Without altering a word, return the records below, but exclude the pictures.

Image-caption web data:
++++++++++
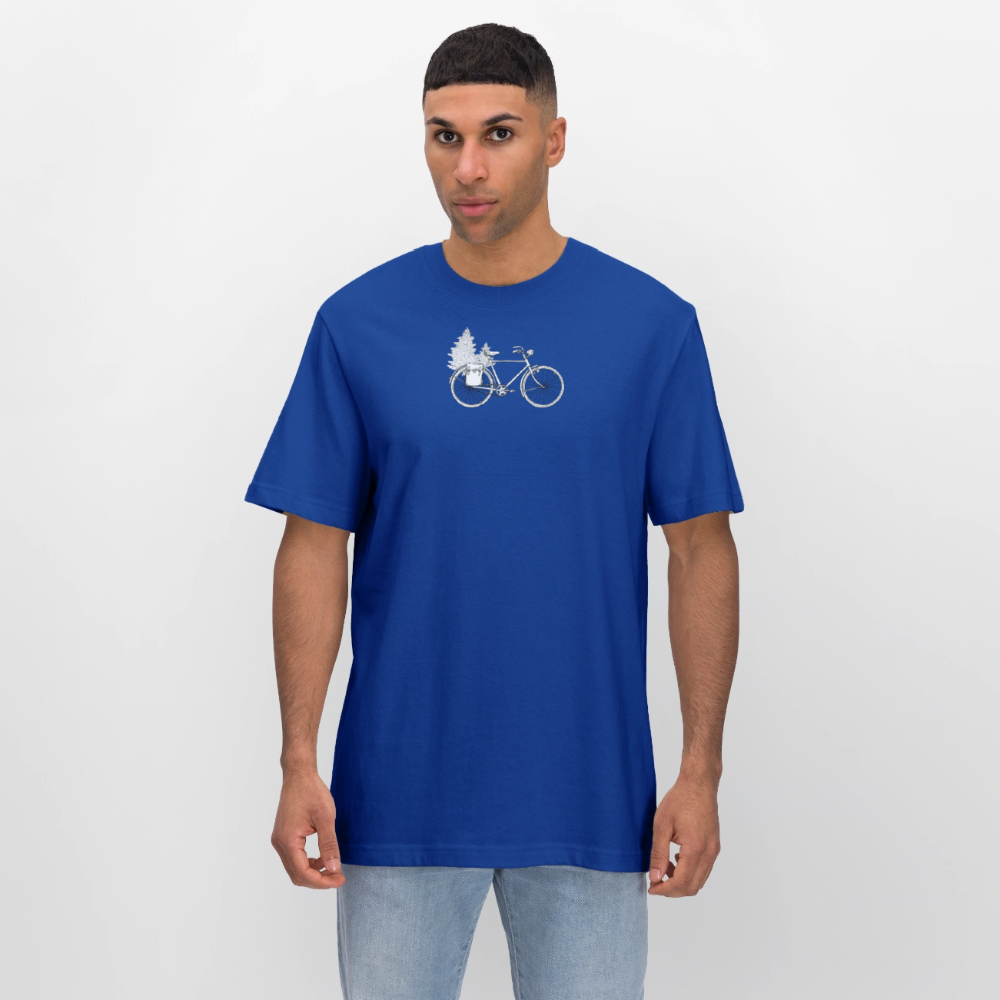 Stanley/Stella Relaxed Fit Unisex Bio-T-Shirt Sparker - Dunkelblau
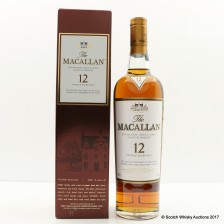MACALLAN 12 YEAR OLD
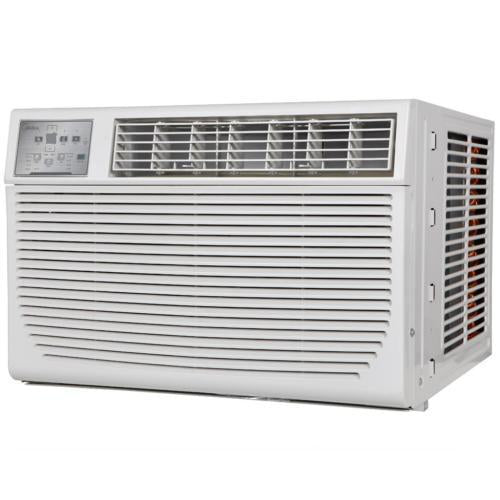 Midea MAW25H2ZWT Midea Window Air Conditioner Heat & Cool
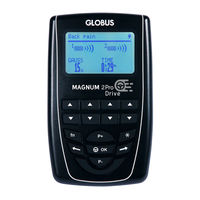 Globus MAGNUM 2ProDrive Manual De Usuario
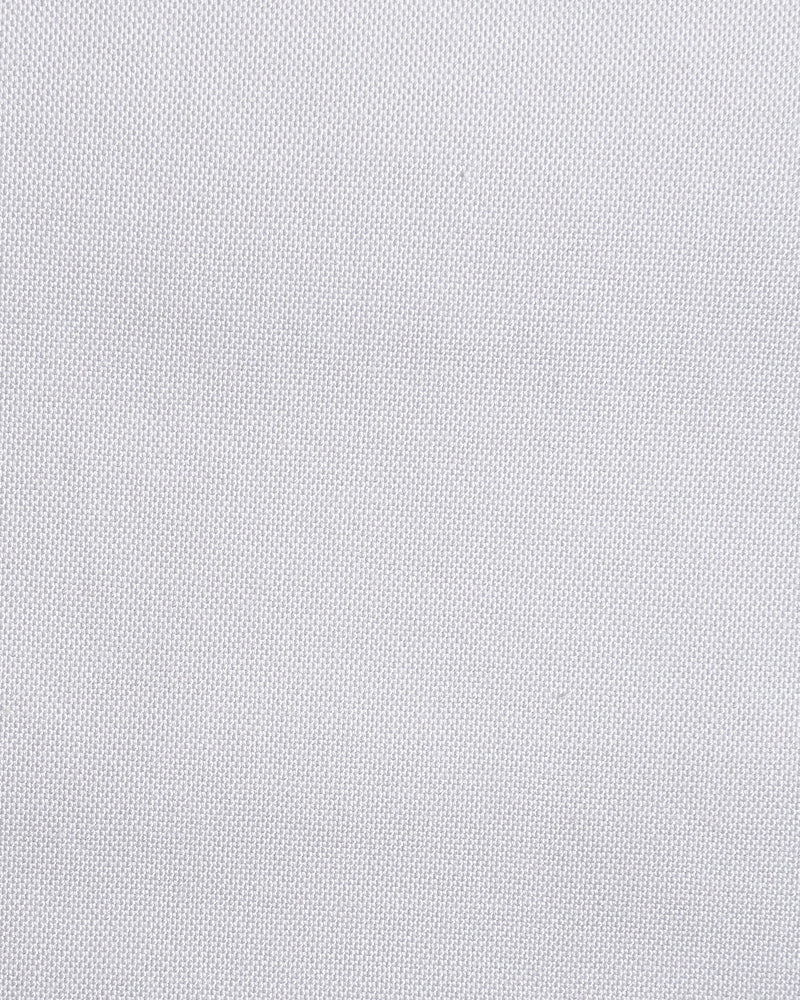 Warzone White Oxford Shirt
++++++++++
§ **Solution to the problem**:
 Stanley/Stella Relaxed Fit Unisex Bio-T-Shirt Sparker - Dunkelblau
MACALLAN 12 YEAR OLD
 Midea MAW25H2ZWT Midea Window Air Conditioner Heat & Cool
 Globus MAGNUM 2ProDrive Manual De Usuario
 Warzone White Oxford Shirt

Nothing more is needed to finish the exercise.